In photos taken by the Cassini orbiter, a NASA probe, it appears as a smooth brown orb because of its thick atmosphere clouded with gaseous nitrogen and hydrocarbons.
However, radar images from the same probe show that it has a surface crust made of water ice and drenched in liquid hydrocarbons.
On Titan, methane and ethane fall from the sky as rain, fill deep lakes that dot the surface, and are possibly spewed into the air by icy volcanoes called cryovolcanoes.
“There's a lot of interest in one day sending probes to the lakes, and when that's done, you want to have a safe landing, and you don't want a lot of wind,” said Cyril Grima, a research associate at the University of Texas Institute for Geophysics (UTIG) in the US.
“Our study shows that because the waves aren't very high, the winds are likely low,” said Grima, lead author of the research published in the journal Earth and Planetary Science Letters.

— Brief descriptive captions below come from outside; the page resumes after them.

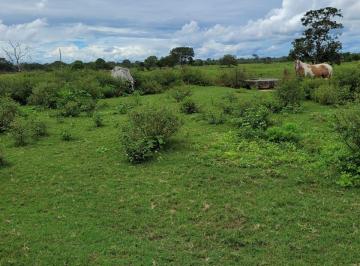 Rural , Buritizeiro · Fazenda 1370 hectares em Buritizeiro/MG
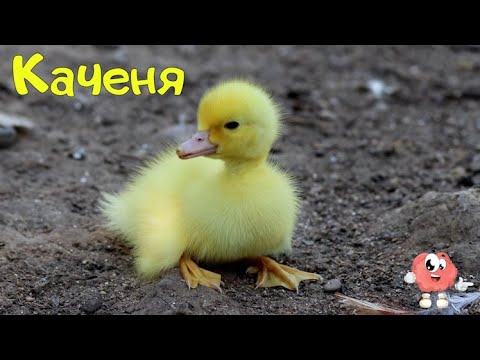 Тварини дитинчата українською для дітей. Голоси, звуки тварин [New 2022]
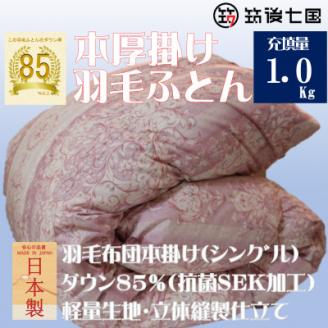 抗菌ダウン率85%1.0㎏本厚掛け羽毛布団シングル(ピンク・ベージュ系)訳あり【筑後七国羽毛ふとん】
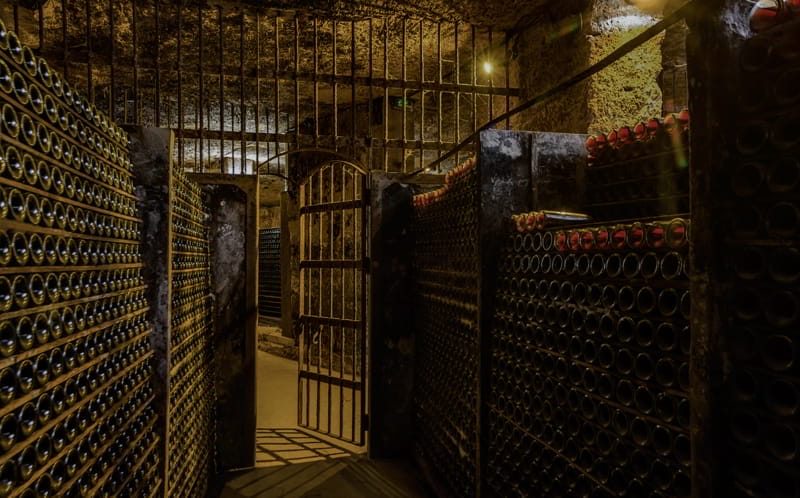 En el frescor de los calados de Ollauri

“The atmosphere of Titan is very complex, and it does synthesise complex organic molecules – the bricks of life,” Grima said.
“It may act as a laboratory of sorts, where you can see how basic molecules can be transformed into more complex molecules that could eventually lead to life,” she said.
Researchers developed a technique for measuring surface roughness in minute detail from radar data, called radar statistical reconnaissance, and used it to measure Titan's waves.
They zeroed in on the three largest lakes in Titan's northern hemisphere: Kraken Mare, Ligeia Mare and Punga Mare.
Kraken Mare, the largest of the three, is estimated to be larger than the Caspian Sea.
By analysing radar data collected by Cassini during Titan's early summer season, researchers found that waves across these lakes are diminutive, reaching only about one centimetre high and 20 centimetres long.
“Cyril's work is an independent measure of sea roughness and helps to constrain the size and nature of any wind waves,” said Alex Hayes, an assistant professor of astronomy at Cornell University in the US.
“From the results, it looks like we are right near the threshold for wave generation, where patches of the sea are smooth and patches are rough,” Hayes said.
Information on Titan's climate is essential for sending a probe safely to the surface. Although there are no formal plans for a mission, Grima said that there are plenty of concepts being developed by researchers around the world.
The study indicates that if a future mission lands in early summer, there's a good chance that it is in for a smooth landing.